Updated: Tue, Nov 06 2007. 12 43 PM IST
New Delhi: Overcoming its initial opposition to the move, India’s automotive industry will join ongoing discussions to evolve fuel economy norms for vehicles in the country, according to an official of the Society of Indian Automobile Manufacturers (Siam), an industry body.
“Siam is open to working with one single agency on fuel economy norms,” Dilip Chenoy, director general, Siam, said at a conference on “Technology trends for fuel efficiency and emission control in transport sector”. The conference was organized jointly by Siam and the Petroleum Conservation Research Association (PCRA), an agency under the aegis of the ministry of Petroleum and Natural Gas that promotes research and development in conservation of petroleum products.
Mint had reported on 15 August that the government was considering mandatory fuel economy norms for all vehicles sold in India.
However, Chenoy and executives from auto companies such as Tata Motors Ltd and Maruti Suzuki India Ltd said that apart from norms on fuel economy, the government needed to look at other factors that impact fuel consumption.
“There are safety issues in vehicles, which raises the vehicle weight which increases fuel consumption.
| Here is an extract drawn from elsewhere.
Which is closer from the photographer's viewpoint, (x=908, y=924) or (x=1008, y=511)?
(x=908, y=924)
The availability and condition of roads is another major factor, plus driving habits and fuel adulteration,” Chenoy said in his presentation at the conference.
“In the past, we have agreed to voluntary standards (on fuel economy), but we want to work with a single agency. In the past, different ministries have suggested various things and it doesn’t work,” he added.
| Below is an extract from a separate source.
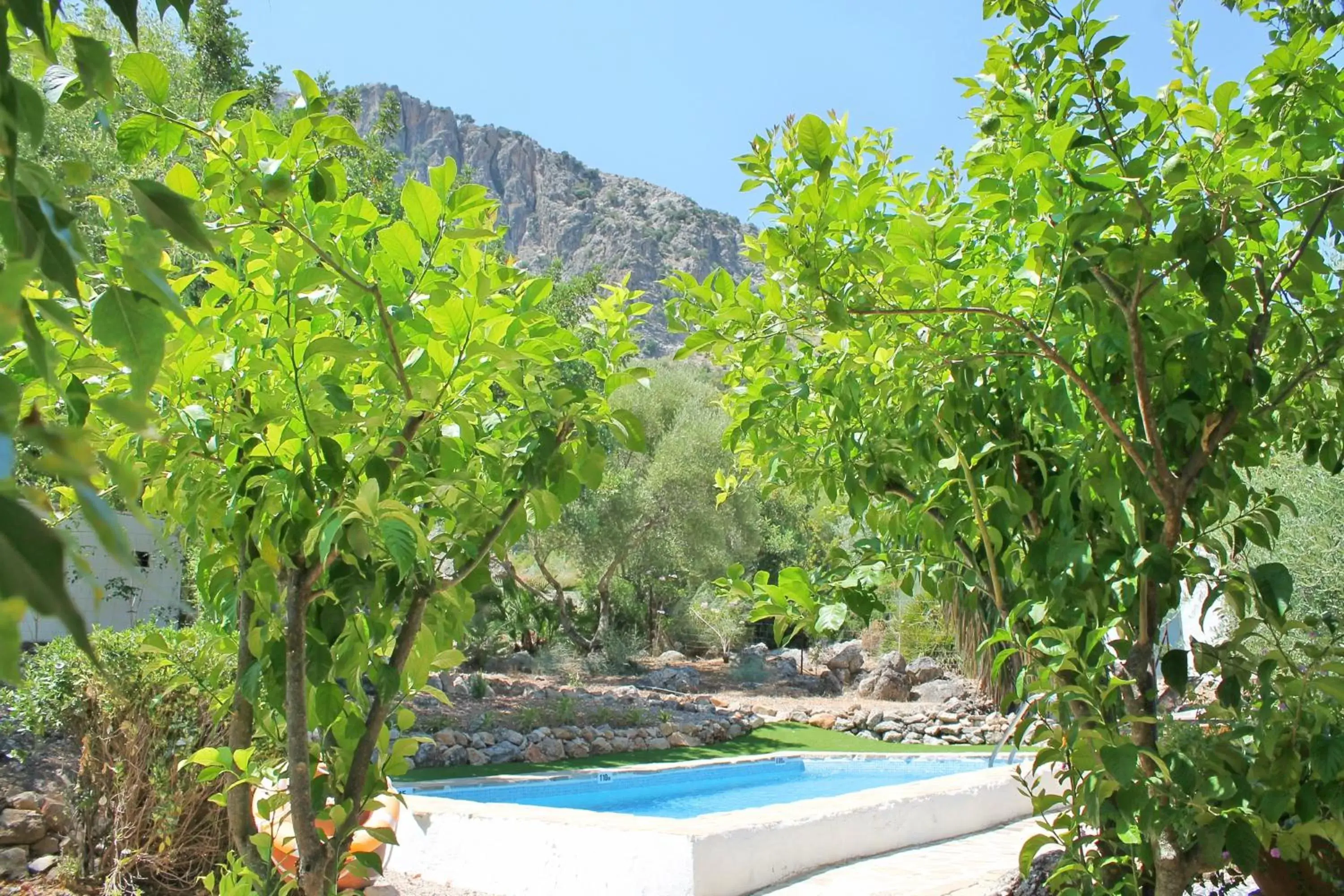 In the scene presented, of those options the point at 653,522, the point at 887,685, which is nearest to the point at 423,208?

A PCRA official, who did not wish to be identified, clarified that the automotive industry will have to deal only with the Bureau of Energy Efficiency.
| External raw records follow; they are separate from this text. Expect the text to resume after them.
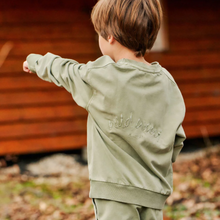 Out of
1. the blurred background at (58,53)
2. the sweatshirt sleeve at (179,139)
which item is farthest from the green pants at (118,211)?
the blurred background at (58,53)

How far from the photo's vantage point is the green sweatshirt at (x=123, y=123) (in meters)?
1.56

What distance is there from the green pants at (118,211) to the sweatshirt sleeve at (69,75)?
1.63 feet

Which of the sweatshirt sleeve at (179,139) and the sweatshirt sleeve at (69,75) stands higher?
the sweatshirt sleeve at (69,75)

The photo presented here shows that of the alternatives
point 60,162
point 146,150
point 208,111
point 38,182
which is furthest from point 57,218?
point 208,111

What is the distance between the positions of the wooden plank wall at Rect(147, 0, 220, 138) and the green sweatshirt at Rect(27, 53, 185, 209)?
4.76 meters

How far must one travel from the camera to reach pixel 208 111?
6762 millimetres

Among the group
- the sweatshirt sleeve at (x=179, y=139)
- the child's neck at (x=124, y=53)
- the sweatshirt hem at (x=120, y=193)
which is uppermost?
the child's neck at (x=124, y=53)

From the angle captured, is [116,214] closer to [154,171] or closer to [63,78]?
[154,171]

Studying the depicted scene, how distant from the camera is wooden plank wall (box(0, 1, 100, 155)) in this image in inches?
224

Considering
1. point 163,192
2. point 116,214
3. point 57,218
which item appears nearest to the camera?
point 116,214

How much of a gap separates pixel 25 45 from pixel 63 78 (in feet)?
14.4

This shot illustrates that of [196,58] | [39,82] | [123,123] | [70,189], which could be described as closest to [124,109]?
[123,123]

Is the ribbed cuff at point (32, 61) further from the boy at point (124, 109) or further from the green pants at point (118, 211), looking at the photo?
the green pants at point (118, 211)

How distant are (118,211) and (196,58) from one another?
5.51 m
“Clarity on the issue has emerged and like the industry asks, the policy will not focus only on fuel standards but three to four (more) aspects, including better public transport services,” the official said.
Responding to the criticism that the industry did not share fuel efficiency data with consumers, Chenoy said that this information could be found in auto magazines.
“The average Indian customer does not read these magazines and these (details on fuel efficiency) are not given by the industry. They (the companies) should give data on (fuel) efficiencies of different driving cycles,” said S.R. Marathe, director, Automotive Research Association of India.